# long life truffles



## chocaho (Sep 29, 2011)

I make truffles now. as ganache.,but i want to make a longer shelf like truffle. Is it more of a candy but with chocolate.  I want to do a truffle flavored like key lime, coffee, ect. I think i can just longer shelf ingredients like evaporated milk instead of cream. Any suggestions.


----------



## foodpump (Oct 10, 2005)

My friend, you are looking for the Holy Grail.

In developing a long life truffle, your  #1 enemy is water, or rather water activity, commonly expressed as aW.  The more water there is, the shorter the shelf life.  The less water there is, the harder and pastier and hard textured the mouthfeel.

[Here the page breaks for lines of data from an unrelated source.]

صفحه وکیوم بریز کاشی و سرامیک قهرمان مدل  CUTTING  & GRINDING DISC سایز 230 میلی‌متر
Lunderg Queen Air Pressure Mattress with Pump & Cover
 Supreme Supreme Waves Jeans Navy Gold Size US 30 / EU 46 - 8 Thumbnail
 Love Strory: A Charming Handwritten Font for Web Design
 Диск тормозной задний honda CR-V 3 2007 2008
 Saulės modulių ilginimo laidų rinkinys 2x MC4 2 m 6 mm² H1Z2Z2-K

Cream contains about 33% b.f, so 66% is water, check to see how much water is in condensed milk.  Booze does nothing to increase shelf life, as most alcohols are only 40% (80 proof in the US) with the remaining 60% water,

Common techniques to increase shelf life are the use of a " Stefan" or food processor under vacuum ( expensive, 5 G expensive), tempered liquid couverture in ganache, high concentrations of sugar, use of invert sugar, use of coconut fats,  and the use of preservatives (sodium benzoate).

Then there is the "So what" technique of selling truffles with the explcit warning that there is only a 3 week shelf life.  This works best for me, and is the one huge difference between me and the drugstore chocolates--and I use it to my advantage.  You can also succesfully freeze truffles, but there is some technique involved.

If you want learn more, ther are a lot of books out there, but J.P. Wybauw is probably the most knowledgable and experienced author. 

Good luck, and tell me when you've found the holy grail


----------